Performance Measurements

We conduct performance measurements of the QUIC protocol and different implementations on testbeds of our chair. All measurements are conducted on real hardware and focus on high-speed scenarios with links of 10Gbit/s or higher. We evaluate different libraries such as LSQUIC, Quiche and quic-go. Measurements are conducted in different scenarios and under different network conditions.

Previous and ongoing work on TCP at our chair allows us to compare new developments to existing, optimized stacks. Furthermore, the chair's focus on reproducible measurements and experiments provides us a basis for a detailed analysis of QUIC.

Therefore, we developed a framework to enable high-speed network measrurements on dedicated hardware servers. It is based on the QUIC Interop Runner and follows different principles: flexibility, portability and reproducibility. For more information we refer to our publication QUIC on the Highway: Evaluating Performance on High-rate Links . The framework is publicly available alongside all measurement configurations, and results shown in the paper, analysis scripts to parse the results, and Jupyter notebooks for visualization. We evaluate the influence of different system parameters and configurations and reach goodputs for default implementations of different QUIC libraries of up to 5 Gbit/s. The framework is presented at IFIP Networking 2023 and source code as well as raw data is provided via Github . Below you can find the general workflow used in our measurements.

Using this setup, we conducted measurements testing clients and servers against each other. Client and server run on dedicated hosts equipped with AMD EPYC 7543 processors and are connected via a 10G link. Then the client requests a file of size 8GB from the server via HTTP/3, which is then downloaded and the resulting goodput is computed using the duration of the download. The prevent packet drops by the operating system we increased the UDP receive buffer for the measurements.

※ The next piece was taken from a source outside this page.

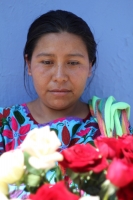 Martes 5 de mayo del 2015. Tuxtla Gutiérrez. DÃa de las Madres. Matilde, como muchas madres indÃgenas de las comunidades de San Lorenzo Zinacantan migra hacia las urbes del sureste de México , siempre acompañada de sus pequeños hijos para vender la produc Martes 5 de mayo del 2015. Tuxtla Gutiérrez. DÃa de las Madres. Matilde, como muchas madres indÃgenas de las comunidades de San Lorenzo Zinacantan migra hacia las urbes del sureste de México , siempre acompañada de sus pequeños hijos para vender la produc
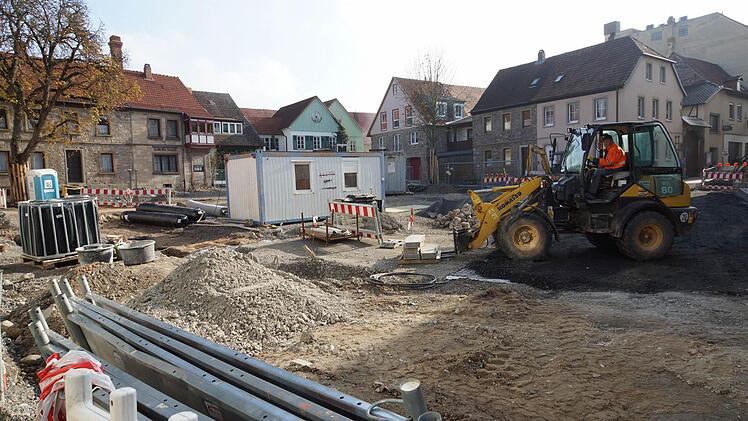 Der Viehmarkt ist ein Großbaustelle und bleibt es länger als geplant. Der Baum links im Bild wird gefällt. Foto: Arkadius Guzy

Analyzing Existing Deployments

Together with GINO, we evaluate the deployment of QUIC on the Internet. We implemented tools to identify QUIC and HTTP/3 deployments shortly before the final release of RFC9000. The published QScanner allows to effectively scan QUIC capable targets, conduct a full IETF conform handshake and extract QUIC, TLS but also HTTP information.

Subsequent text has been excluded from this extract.